Pictures with short captions:
★ ★ ★
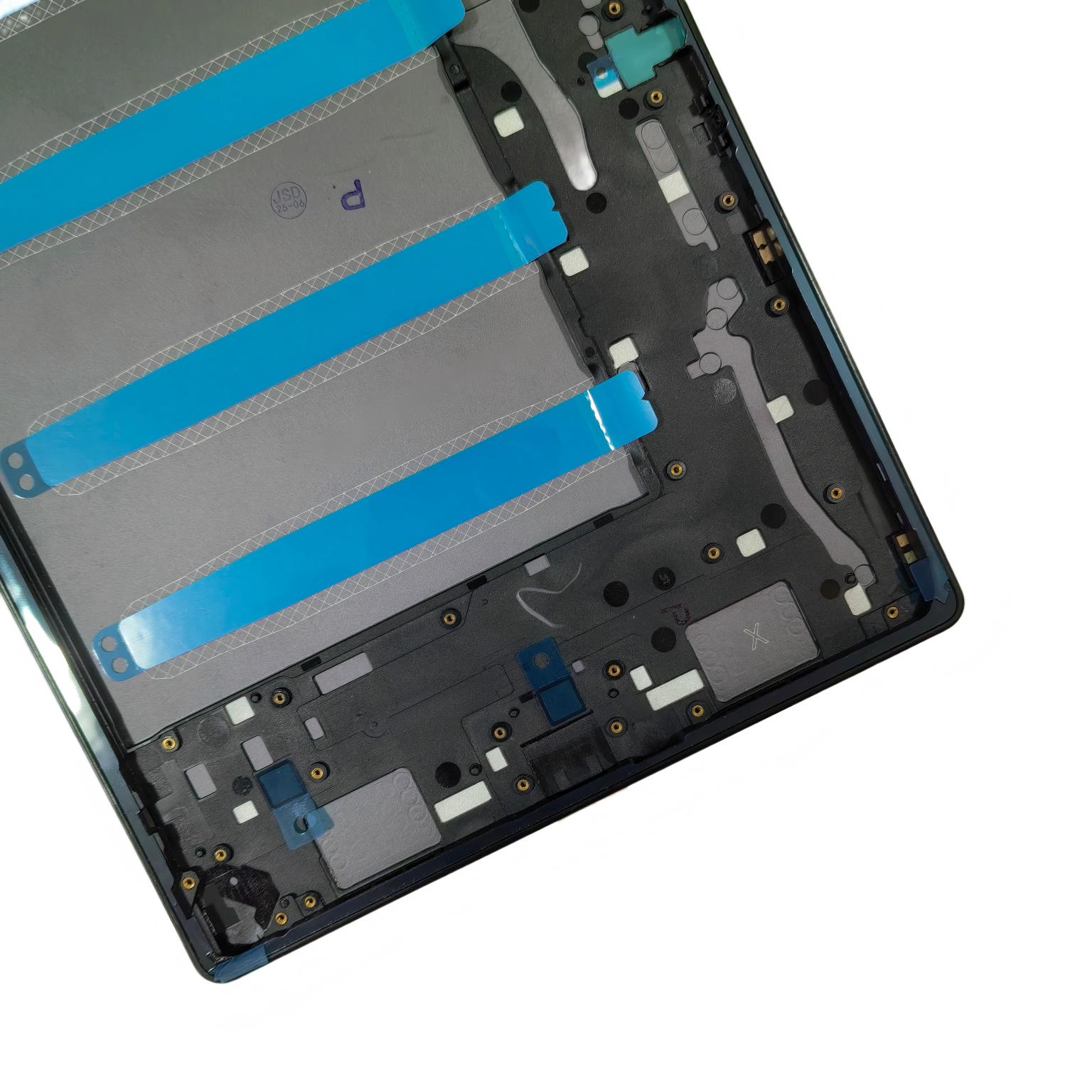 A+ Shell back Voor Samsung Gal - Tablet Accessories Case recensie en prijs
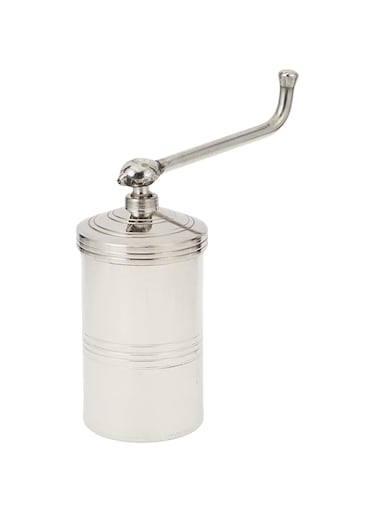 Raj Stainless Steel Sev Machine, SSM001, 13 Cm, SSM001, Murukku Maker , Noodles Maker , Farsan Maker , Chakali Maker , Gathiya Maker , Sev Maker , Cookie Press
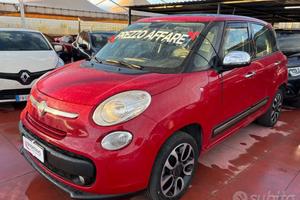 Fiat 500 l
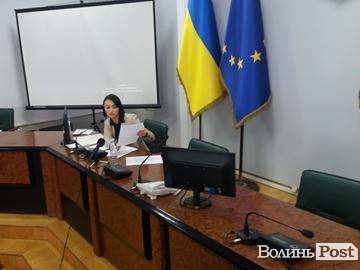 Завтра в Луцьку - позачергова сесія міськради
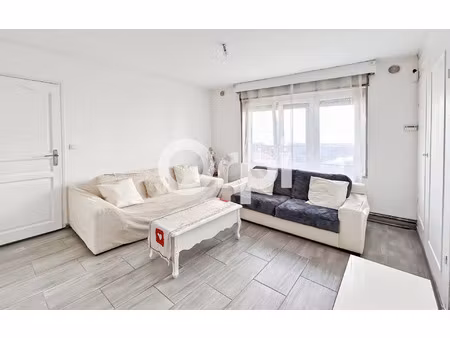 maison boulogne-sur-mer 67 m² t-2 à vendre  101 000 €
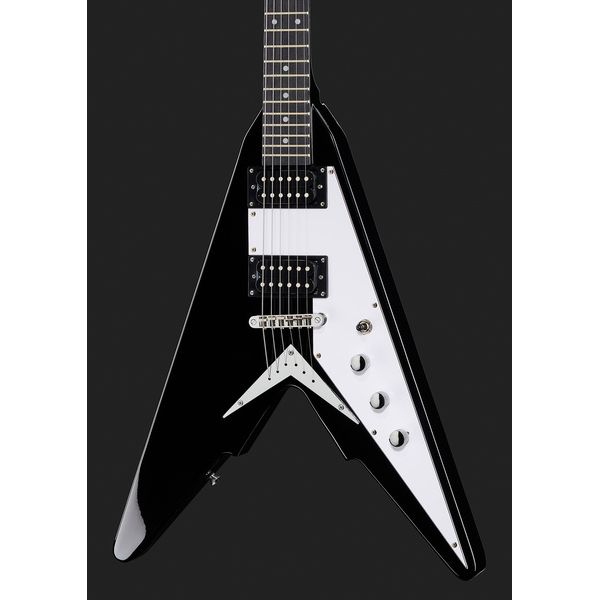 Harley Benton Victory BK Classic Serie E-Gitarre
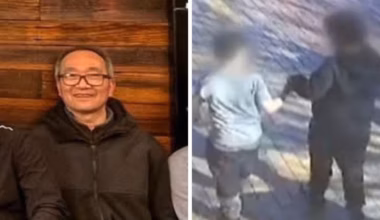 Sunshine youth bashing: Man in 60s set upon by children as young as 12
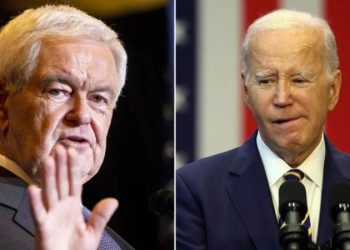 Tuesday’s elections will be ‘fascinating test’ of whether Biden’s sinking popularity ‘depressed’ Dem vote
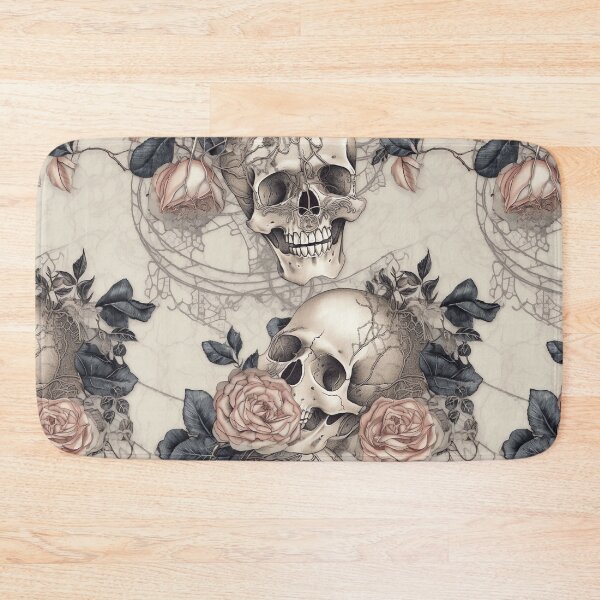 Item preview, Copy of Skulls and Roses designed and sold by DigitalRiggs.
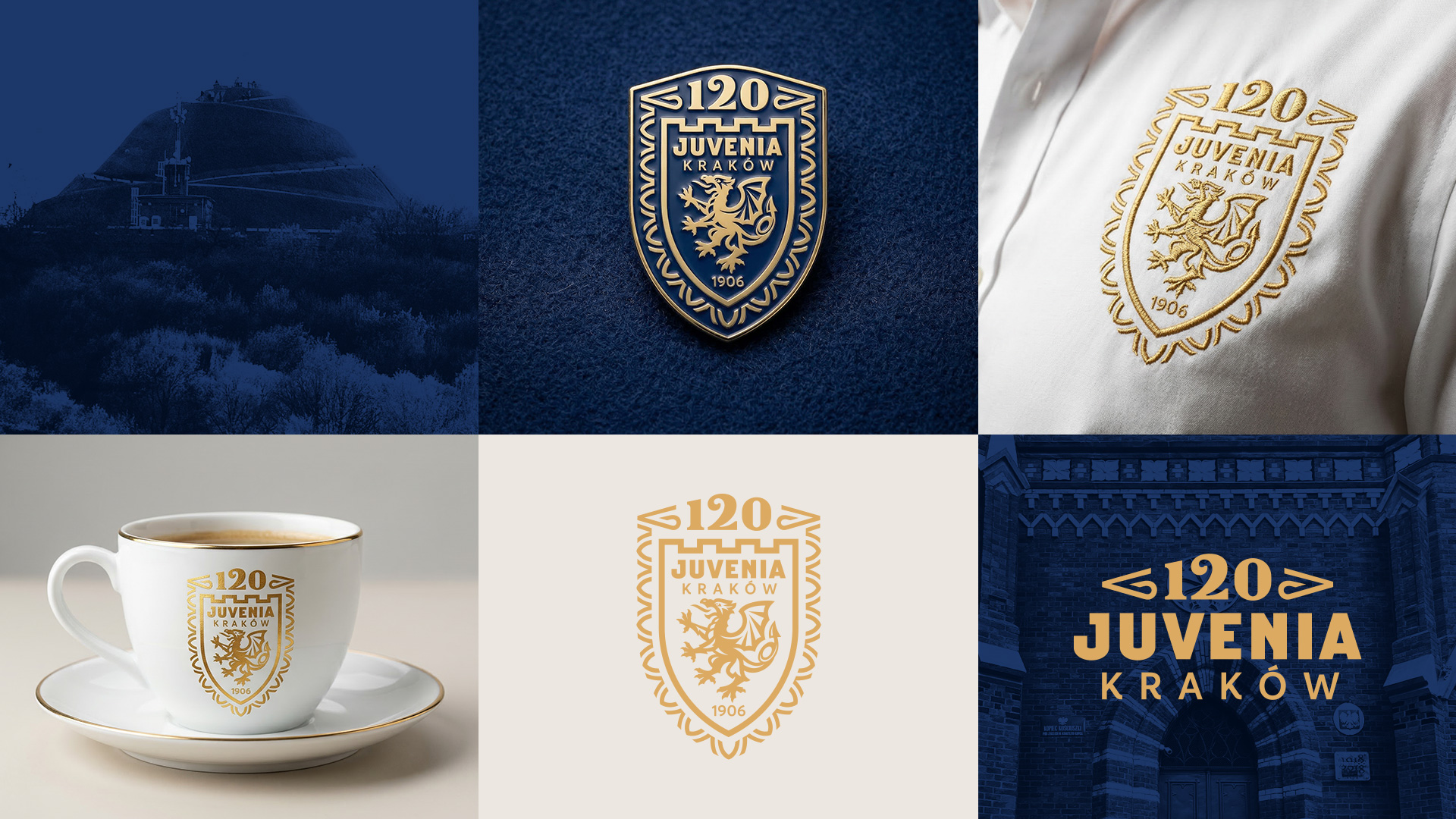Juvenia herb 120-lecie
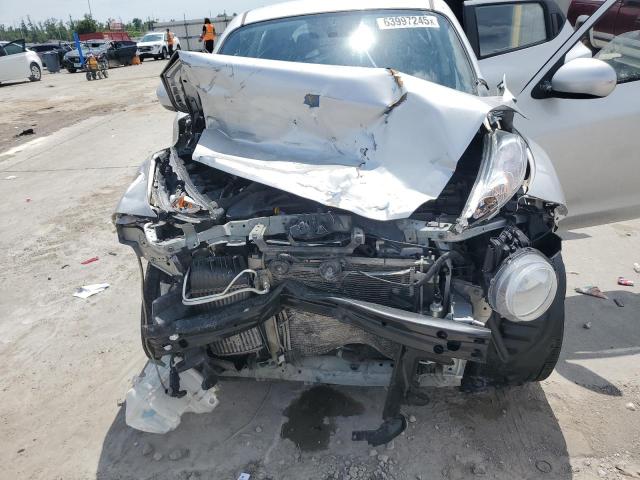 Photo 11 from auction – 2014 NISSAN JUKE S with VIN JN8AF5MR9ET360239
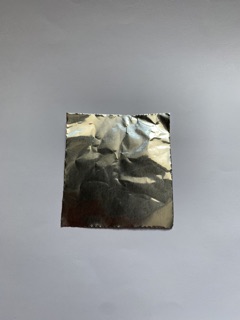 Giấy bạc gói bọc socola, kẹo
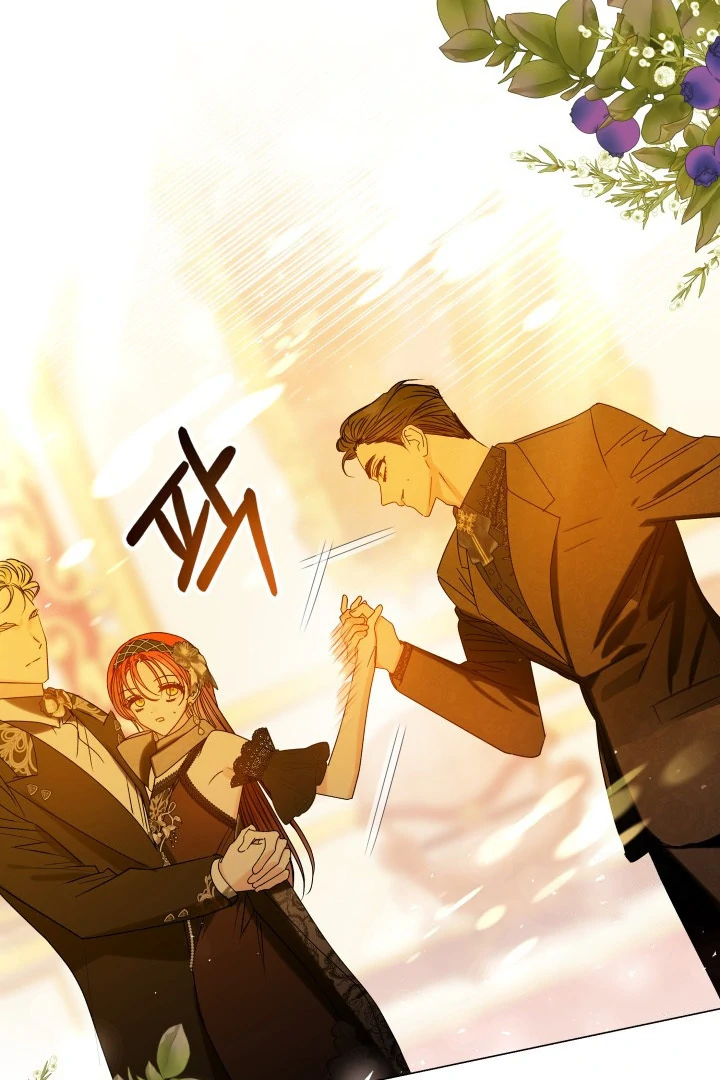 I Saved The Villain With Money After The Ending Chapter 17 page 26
★ ★ ★
- [The problem]: Your copy of the data above should match it exactly, apart from the images.

- [Answer to the problem]:
 A+ Shell back Voor Samsung Gal - Tablet Accessories Case recensie en prijs
 Raj Stainless Steel Sev Machine, SSM001, 13 Cm, SSM001, Murukku Maker , Noodles Maker , Farsan Maker , Chakali Maker , Gathiya Maker , Sev Maker , Cookie Press
 Fiat 500 l
 Завтра в Луцьку - позачергова сесія міськради
 maison boulogne-sur-mer 67 m² t-2 à vendre  101 000 €
 Harley Benton Victory BK Classic Serie E-Gitarre
 Sunshine youth bashing: Man in 60s set upon by children as young as 12
 Tuesday’s elections will be ‘fascinating test’ of whether Biden’s sinking popularity ‘depressed’ Dem vote
 Item preview, Copy of Skulls and Roses designed and sold by DigitalRiggs.
Juvenia herb 120-lecie
 Photo 11 from auction – 2014 NISSAN JUKE S with VIN JN8AF5MR9ET360239
 Giấy bạc gói bọc socola, kẹo
 I Saved The Villain With Money After The Ending Chapter 17 page 26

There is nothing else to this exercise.